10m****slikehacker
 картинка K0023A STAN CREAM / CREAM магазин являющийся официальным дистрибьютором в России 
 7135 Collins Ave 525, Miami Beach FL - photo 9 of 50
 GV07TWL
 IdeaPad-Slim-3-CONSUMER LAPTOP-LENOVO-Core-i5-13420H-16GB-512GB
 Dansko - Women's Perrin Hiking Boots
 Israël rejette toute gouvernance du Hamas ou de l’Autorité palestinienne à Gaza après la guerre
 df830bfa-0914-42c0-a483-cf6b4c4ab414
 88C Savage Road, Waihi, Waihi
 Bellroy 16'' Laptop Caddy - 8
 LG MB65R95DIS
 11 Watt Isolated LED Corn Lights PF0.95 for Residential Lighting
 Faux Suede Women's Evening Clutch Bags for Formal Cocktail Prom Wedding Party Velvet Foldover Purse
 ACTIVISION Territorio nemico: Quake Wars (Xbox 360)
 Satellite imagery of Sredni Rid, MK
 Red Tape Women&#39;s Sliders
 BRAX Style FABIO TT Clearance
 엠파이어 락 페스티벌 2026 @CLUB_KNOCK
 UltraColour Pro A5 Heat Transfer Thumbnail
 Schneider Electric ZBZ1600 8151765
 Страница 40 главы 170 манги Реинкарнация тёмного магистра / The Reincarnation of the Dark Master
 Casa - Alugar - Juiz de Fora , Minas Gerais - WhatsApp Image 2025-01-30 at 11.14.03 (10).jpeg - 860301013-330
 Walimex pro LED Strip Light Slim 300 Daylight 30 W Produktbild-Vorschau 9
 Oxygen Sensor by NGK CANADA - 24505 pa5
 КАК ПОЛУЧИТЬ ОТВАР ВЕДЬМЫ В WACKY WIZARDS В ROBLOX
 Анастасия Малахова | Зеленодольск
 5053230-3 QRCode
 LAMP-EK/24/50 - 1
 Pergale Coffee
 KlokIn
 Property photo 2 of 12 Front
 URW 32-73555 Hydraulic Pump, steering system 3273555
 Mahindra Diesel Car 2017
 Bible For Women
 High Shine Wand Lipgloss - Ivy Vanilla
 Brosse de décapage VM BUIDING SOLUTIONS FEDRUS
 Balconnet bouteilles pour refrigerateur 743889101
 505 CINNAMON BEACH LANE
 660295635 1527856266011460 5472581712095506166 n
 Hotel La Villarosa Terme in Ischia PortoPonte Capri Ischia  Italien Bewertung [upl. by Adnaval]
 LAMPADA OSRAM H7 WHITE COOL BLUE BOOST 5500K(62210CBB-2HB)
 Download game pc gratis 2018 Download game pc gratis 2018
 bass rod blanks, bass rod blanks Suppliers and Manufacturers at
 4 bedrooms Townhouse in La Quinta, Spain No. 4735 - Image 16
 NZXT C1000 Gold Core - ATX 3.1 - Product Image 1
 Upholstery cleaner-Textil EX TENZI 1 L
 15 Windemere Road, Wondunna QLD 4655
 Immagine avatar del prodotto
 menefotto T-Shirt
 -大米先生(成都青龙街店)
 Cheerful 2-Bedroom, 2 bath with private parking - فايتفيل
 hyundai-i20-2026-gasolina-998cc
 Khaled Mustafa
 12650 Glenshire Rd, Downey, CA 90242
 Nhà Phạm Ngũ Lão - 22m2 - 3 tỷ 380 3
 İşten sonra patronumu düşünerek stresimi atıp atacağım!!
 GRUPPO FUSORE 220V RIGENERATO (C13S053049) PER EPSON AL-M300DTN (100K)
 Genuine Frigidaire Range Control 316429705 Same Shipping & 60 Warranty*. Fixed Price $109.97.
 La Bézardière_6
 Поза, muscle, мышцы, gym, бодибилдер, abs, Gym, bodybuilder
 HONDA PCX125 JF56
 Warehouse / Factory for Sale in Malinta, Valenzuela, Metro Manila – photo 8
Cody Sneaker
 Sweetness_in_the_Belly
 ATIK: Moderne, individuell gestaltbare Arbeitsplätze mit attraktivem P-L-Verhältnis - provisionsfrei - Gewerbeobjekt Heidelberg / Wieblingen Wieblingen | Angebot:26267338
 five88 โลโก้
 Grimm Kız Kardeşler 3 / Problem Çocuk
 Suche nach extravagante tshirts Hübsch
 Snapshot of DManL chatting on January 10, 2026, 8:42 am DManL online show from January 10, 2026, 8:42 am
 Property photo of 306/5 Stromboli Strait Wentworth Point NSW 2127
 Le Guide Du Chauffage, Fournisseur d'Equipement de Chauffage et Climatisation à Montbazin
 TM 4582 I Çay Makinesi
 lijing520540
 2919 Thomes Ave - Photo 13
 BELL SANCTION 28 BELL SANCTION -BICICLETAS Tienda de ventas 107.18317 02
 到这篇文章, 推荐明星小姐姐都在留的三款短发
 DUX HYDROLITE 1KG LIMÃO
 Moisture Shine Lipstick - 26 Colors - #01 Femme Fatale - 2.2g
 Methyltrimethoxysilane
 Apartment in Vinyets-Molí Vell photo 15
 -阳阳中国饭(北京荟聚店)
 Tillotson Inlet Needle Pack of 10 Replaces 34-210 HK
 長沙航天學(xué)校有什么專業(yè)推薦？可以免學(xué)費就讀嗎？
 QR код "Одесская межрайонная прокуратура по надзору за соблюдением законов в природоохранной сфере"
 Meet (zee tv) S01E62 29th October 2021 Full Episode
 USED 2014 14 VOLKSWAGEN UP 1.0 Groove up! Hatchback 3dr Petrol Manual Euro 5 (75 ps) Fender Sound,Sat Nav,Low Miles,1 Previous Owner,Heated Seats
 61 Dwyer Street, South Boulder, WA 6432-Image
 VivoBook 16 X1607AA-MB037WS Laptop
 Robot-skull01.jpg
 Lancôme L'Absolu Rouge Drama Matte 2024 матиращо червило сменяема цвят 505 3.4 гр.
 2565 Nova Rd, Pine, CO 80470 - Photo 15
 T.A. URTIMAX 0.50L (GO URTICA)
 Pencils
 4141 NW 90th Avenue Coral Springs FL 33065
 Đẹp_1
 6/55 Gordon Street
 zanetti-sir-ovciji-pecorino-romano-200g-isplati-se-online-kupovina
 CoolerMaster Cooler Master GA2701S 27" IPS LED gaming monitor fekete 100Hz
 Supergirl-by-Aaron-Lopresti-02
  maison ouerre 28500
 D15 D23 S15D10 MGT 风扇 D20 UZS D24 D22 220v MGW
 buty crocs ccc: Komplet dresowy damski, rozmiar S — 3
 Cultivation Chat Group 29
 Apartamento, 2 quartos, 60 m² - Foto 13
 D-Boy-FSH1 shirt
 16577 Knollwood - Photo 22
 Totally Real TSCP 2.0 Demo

▬▬▬▬▬▬

● **Task directions**
Write out exactly the lines above from the line with "Israël rejette toute" through the line with "Schneider Electric ZBZ1600 8151765", both of them included, and leave out all other lines.

● **Response to the exercise**
 Israël rejette toute gouvernance du Hamas ou de l’Autorité palestinienne à Gaza après la guerre
 df830bfa-0914-42c0-a483-cf6b4c4ab414
 88C Savage Road, Waihi, Waihi
 Bellroy 16'' Laptop Caddy - 8
 LG MB65R95DIS
 11 Watt Isolated LED Corn Lights PF0.95 for Residential Lighting
 Faux Suede Women's Evening Clutch Bags for Formal Cocktail Prom Wedding Party Velvet Foldover Purse
 ACTIVISION Territorio nemico: Quake Wars (Xbox 360)
 Satellite imagery of Sredni Rid, MK
 Red Tape Women&#39;s Sliders
 BRAX Style FABIO TT Clearance
 엠파이어 락 페스티벌 2026 @CLUB_KNOCK
 UltraColour Pro A5 Heat Transfer Thumbnail
 Schneider Electric ZBZ1600 8151765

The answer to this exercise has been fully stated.